START INFORMATION PROVIDED

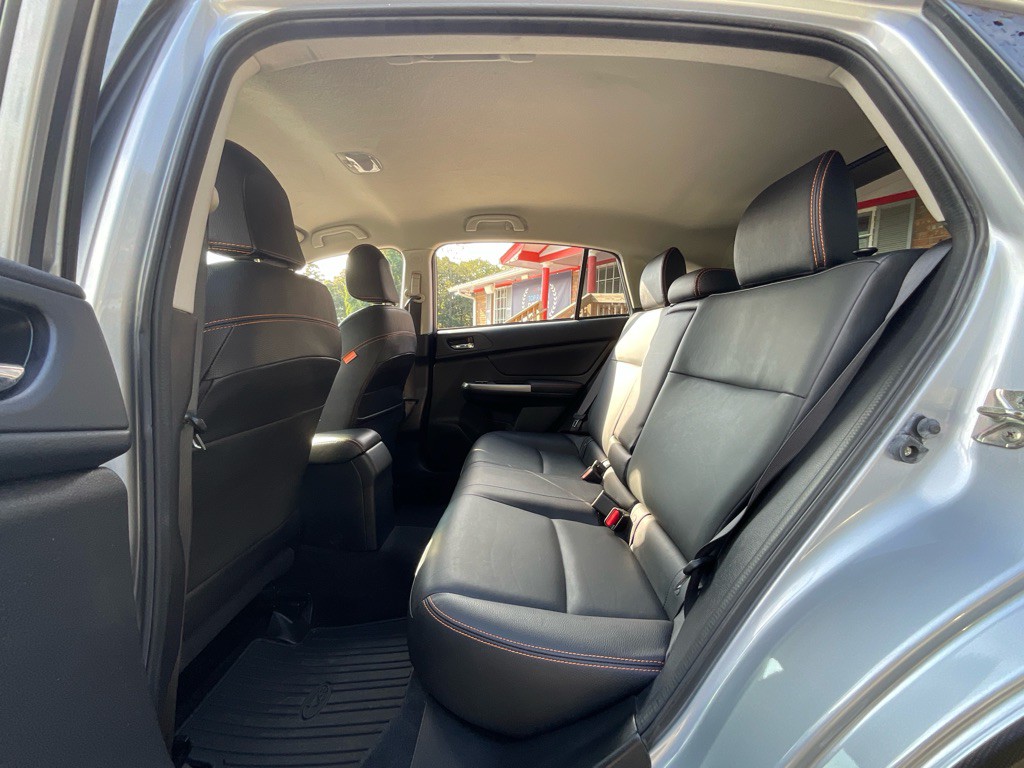 2016 Subaru Crosstrek Image 25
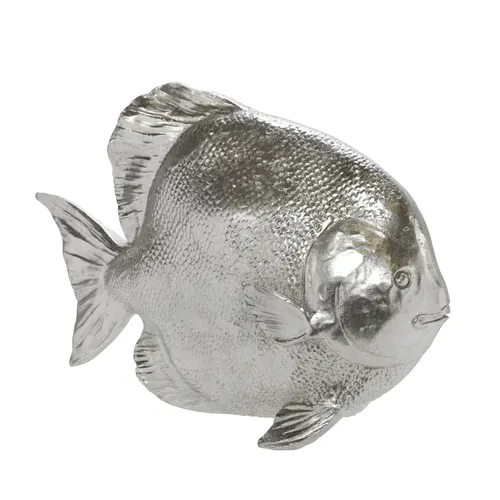 زخارف السمك المصنوعة من الراتنج تصميم خاص حسب الطلب من المصنع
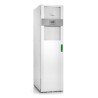 Galaxy VS UPS 30kW 208V, 3 internal 9Ah smart modular battery strings, expandable to 5, Start-up 5x8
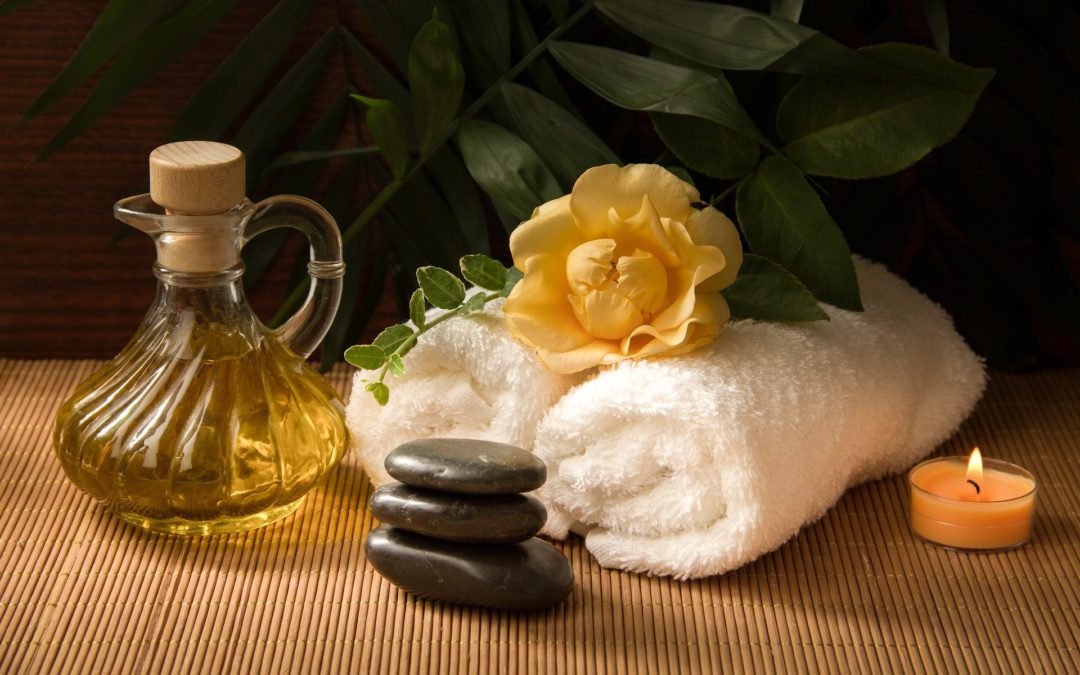 Nové poukazy na pobyt v lázních.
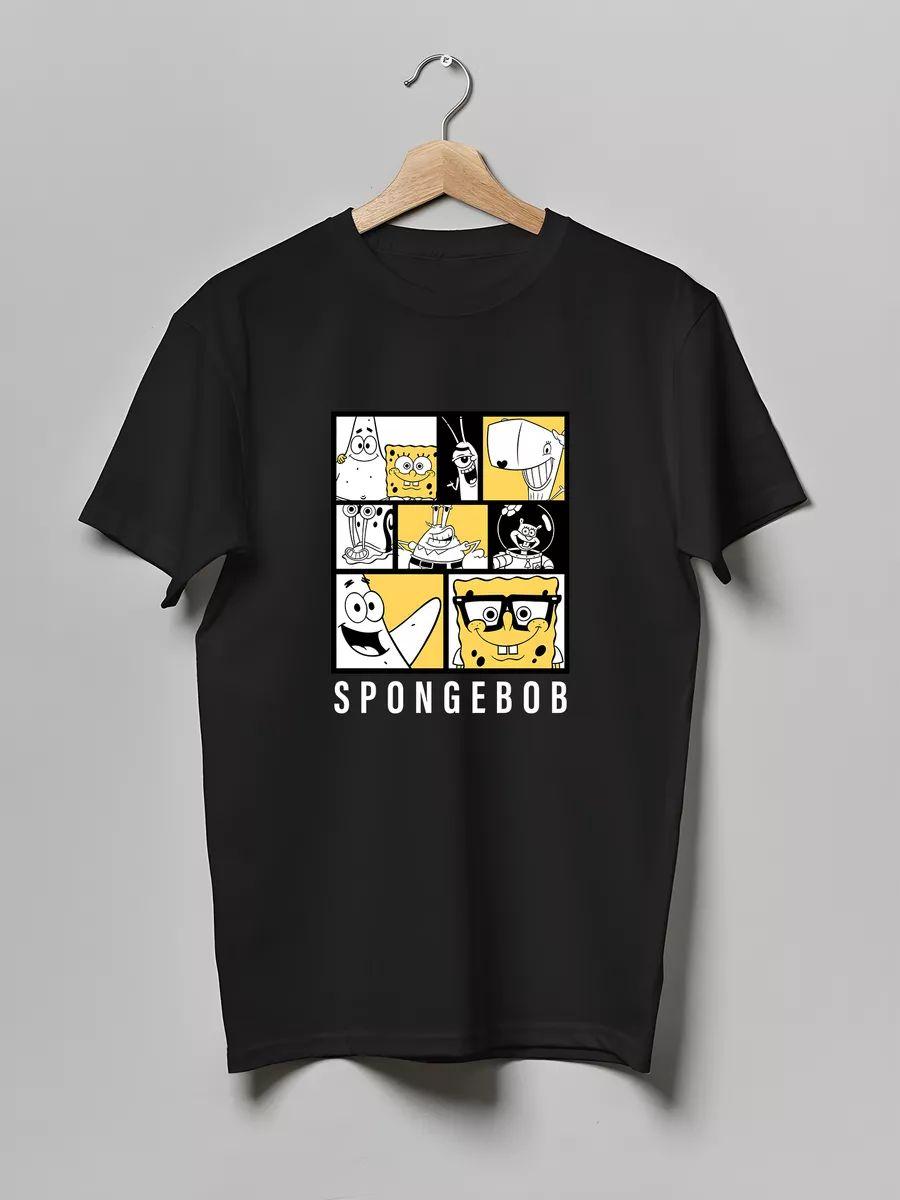 Nirvana band print T-shirt XL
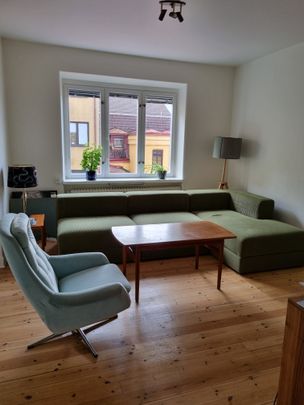 J H Dahlsgatan, Kristianstad - Foto 1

END INFORMATION PROVIDED

WHAT THE TASK ASKS: Restate the data word for word without pictures.

WRITTEN ANSWER:
 2016 Subaru Crosstrek Image 25
 زخارف السمك المصنوعة من الراتنج تصميم خاص حسب الطلب من المصنع
 Galaxy VS UPS 30kW 208V, 3 internal 9Ah smart modular battery strings, expandable to 5, Start-up 5x8
 Nové poukazy na pobyt v lázních.
 Nirvana band print T-shirt XL
 J H Dahlsgatan, Kristianstad - Foto 1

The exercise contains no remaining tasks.